International applicants under Madrid Protocol (66(a) applicants) will not be affected by this change. 66(a) applicants will still enjoy a 6 month non-extendable response period.
Expungement and Reexamination Proceedings
On December 18, 2021 new ex parte expungement and reexamination proceedings were implemented as a cancellation tool to remove marks from the trademark register that were never used in commerce or were not in use as of a particular date relevant to the filing basis of the registration. The new proceedings are intended to be a more efficient and less expensive alternative to proceedings before the Trademark Trial and Appeal Board.
Any party may request a cancellation of some or all of a registered mark’s goods or services because the registrant never used the trademark in connection with some or all of the goods or services in U.S. Commerce. The request must be filed after the mark has been registered for at least 3 years, but before the mark has been registered for ten years. Until December 27, 2023, an expungement proceeding can be requested for any mark over 3 years old, even if the mark has been registered for over ten years.

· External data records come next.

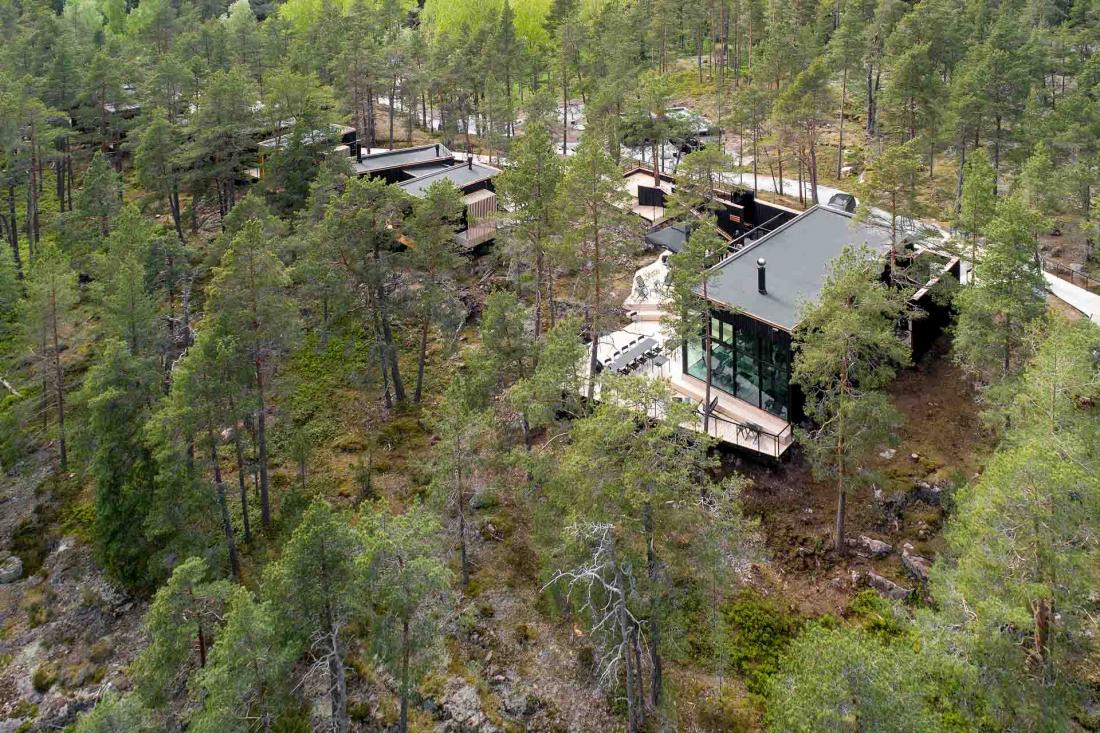 L’hôtel insolite a été construit au milieu d’une pinède de la région sauvage d’Inkoo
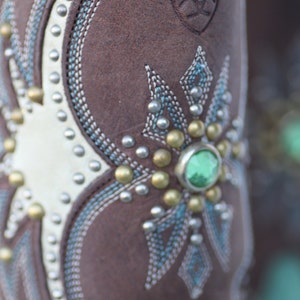 NEW Beautiful One of a Kind Ariat ladies cowboy boots with brass studs & rhinestones 5.5 B New without a box. image 4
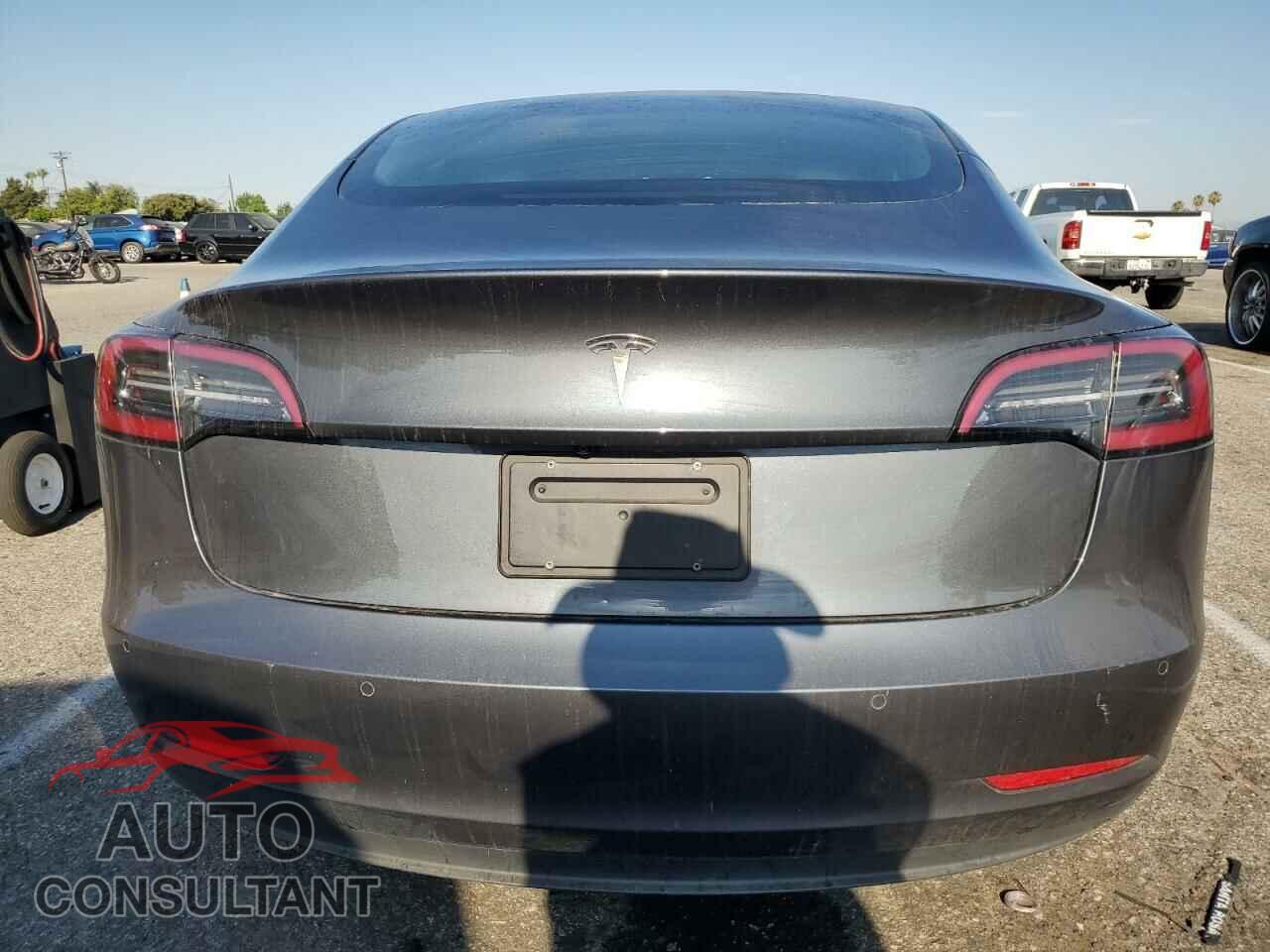 TESLA MODEL 3 2019 - 5YJ3E1EA2KF417176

Expungement proceedings are available for registrations based on Lanham Act Sections 1 (use in commerce), 44 (foreign registrations) and 66 (Madrid Protocol). Registrants relying on Sections 44 and 66 may still assert excusable non-use for the first 5 years of registration if there are special circumstances preventing the registrant’s use of the mark in the United States.
Reexamination proceedings allow the petitioner to challenge a registration on the basis that the mark was not actually in use for some or all of the goods or services on or before its relevant date. For registrations that were originally applied-for based on use in commerce (and were not amended to an intent-to use basis), the relevant date is the filing date of the application. For registrations that were originally applied-for on an intent-to use basis, the relevant date is either the date an accepted allegation of use was filed or, if a statement of use was filed, the relevant date is the expiration date of the statement of use period. As such, reexamination proceedings are only available for registrations based on Section 1 of the Lanham Act. Reexamination proceedings must be requested before the mark has been registered for 5 years.
General Information Applicable to Both Expungement and Reexamination Proceedings
The party requesting cancellation must pay a $400 filing fee per class. The petitioner must also include a verified statement that they conducted a reasonable investigation/comprehensive search. The petition must include evidence supporting a prima facie case of nonuse in commerce and an index of the required evidence. After the petition for expungement or reexamination has been filed, the USPTO Director will determine if the requesting party has provided sufficient evidence to initiate the proceeding. If so, an Office Action will be issued to the registrant and the proceeding will continue between the USPTO and the registrant, without further involvement of the petitioner.
Registrants whose marks are the subject of a proceeding will need to be represented by a U.S. licensed attorney and will have 3 months to respond and assert use of their marks in commerce. The deadline is extendable by 1 month for a fee of $125.
The PTO Director can also initiate either of these proceedings on his own, without a third-party request.
Considerations for Trademark Owners
1. Registrants should consider reviewing their trademark portfolio to delete any goods or services not currently used in commerce in connection with each mark to prevent being the subject of either of these cancellation proceedings.
2. If a registrant qualifies to file a declaration of excusable non-use, consider doing so to prevent being the subject of a cancellation proceeding.
3. Registrants should be careful to document use of their marks in U.S. commerce so they are prepared in the event that their registration is challenged.